In [1]:
import git
import numpy as np
import pandas as pd

from sklearn.model_selection import train_test_split
from sklearn.model_selection import KFold
from sklearn.model_selection import GridSearchCV
from sklearn.preprocessing import StandardScaler
from sklearn.linear_model import ElasticNet
from sklearn.pipeline import Pipeline
from sklearn.metrics import mean_squared_error
from sklearn.metrics import root_mean_squared_error

In [2]:
# Testing whether using data_consol.csv helps anything. If so, probably indicates an error in reading in or joining the separate CSVs before
repo = git.Repo('.', search_parent_directories = True)
root = repo.working_tree_dir

data_consol = pd.read_csv(root + '\\data\\data_consol.csv')

In [3]:
X = data_consol.filter(regex="^[0-9]+$")
bact = data_consol['pcr_bact_log']

# Note: do NOT scale X and y before splitting, since that is a data leak. Instead, use the pipeline to scale both Xs, and separately scale the y for custom scoring like RMSE.
X_train, X_test, bact_train_unscaled, bact_test_unscaled = train_test_split(X.to_numpy(), bact.to_numpy(), train_size=0.8, random_state=0)

# Reshaping necessary for the y scaling step
bact_train_unscaled = bact_train_unscaled.reshape(-1,1)
bact_test_unscaled = bact_test_unscaled.reshape(-1,1)

bact_scaler = StandardScaler()
bact_train = bact_scaler.fit_transform(bact_train_unscaled)
bact_test = bact_scaler.transform(bact_test_unscaled)

# 10-fold CV; random state 0
cv_10_0 = KFold(n_splits=10, shuffle=True, random_state=0)

In [4]:
pipe = Pipeline(
    [
        ("scaler", StandardScaler()),
        ("elastic_net", ElasticNet(fit_intercept=False, warm_start=True, random_state=0, selection='random', max_iter=4000))
    ],
    memory = root+'\\cache',
    verbose=True
)

REGULARIZATION = np.logspace(-5, 0, 8)
MIXTURE = np.linspace(0.001, 1, 8)
PARAM_GRID = [
    {
        "elastic_net__alpha": REGULARIZATION,
        "elastic_net__l1_ratio": MIXTURE
    }
]

grid = GridSearchCV(estimator=pipe, param_grid=PARAM_GRID, scoring='neg_root_mean_squared_error', n_jobs=-1, cv=cv_10_0, error_score='raise')
grid.fit(X_train, bact_train)

[Pipeline] ....... (step 2 of 2) Processing elastic_net, total=  10.0s


In [5]:
print('Training RMSE:', round(abs(grid.score(X_train, bact_train)), 3))
print('Testing RMSE:', round(abs(grid.score(X_test, bact_test)), 3))
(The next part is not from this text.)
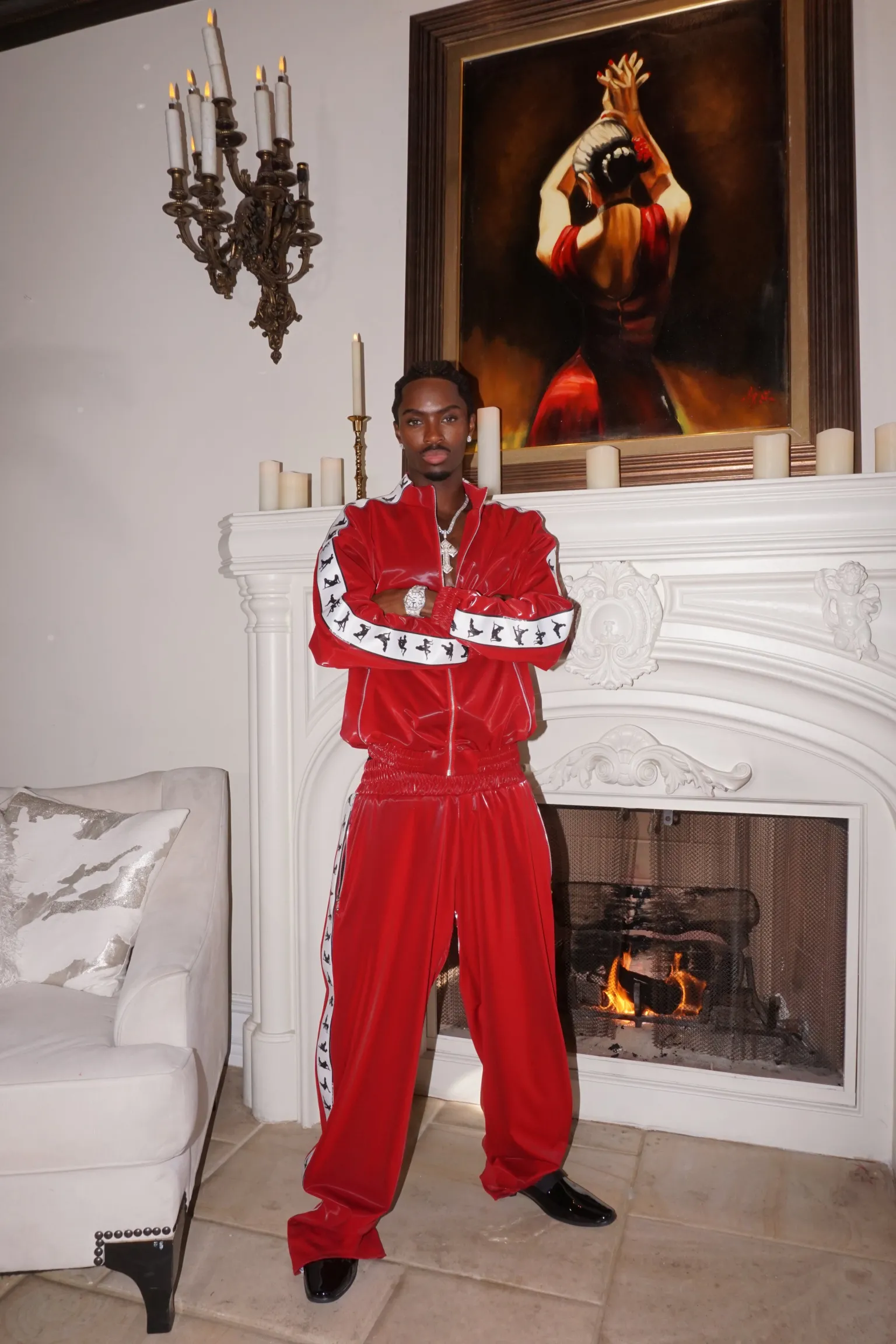 S*x Tape Tracksuit Jacket Wet Look<Poster Girl Sale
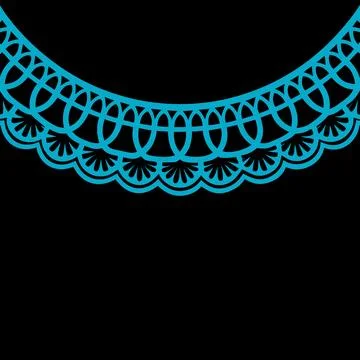 Elegant Lace Collar Design Vector Art Illustration for Fashion and Textile Illustrazione stock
# Inverse-transforming the preds to get back to original scale.
# Used for comparison with R results
preds_unscaled = bact_scaler.inverse_transform(grid.predict(X_test).reshape(-1,1))
print('Testing RMSE, unscaled:', round(root_mean_squared_error(preds_unscaled, bact_test_unscaled), 3))

Training RMSE: 0.587
Testing RMSE: 0.766
Testing RMSE, unscaled: 0.338


*Testing models' results:*

For elastic_net random_state=0, training RMSE is 0.587, and testing RMSE is 0.766.

After removing the scaler, training RMSE is 0.491, and testing RMSE is 0.629

No scaler; optimizing R2: training RMSE is 0.236, testing RMSE is 0.935

No scaler; 10-fold CV: training RMSE 0.491, testing RMSE 0.629

With scaler; 10-fold CV; unscaling preds: training RMSE 0.587, testing RMSE 0.338 (on par with R results)

*Final model's results:*

Training RMSE: 0.587

Testing RMSE: 0.766

Testing RMSE, unscaled: 0.338 (on par with R results)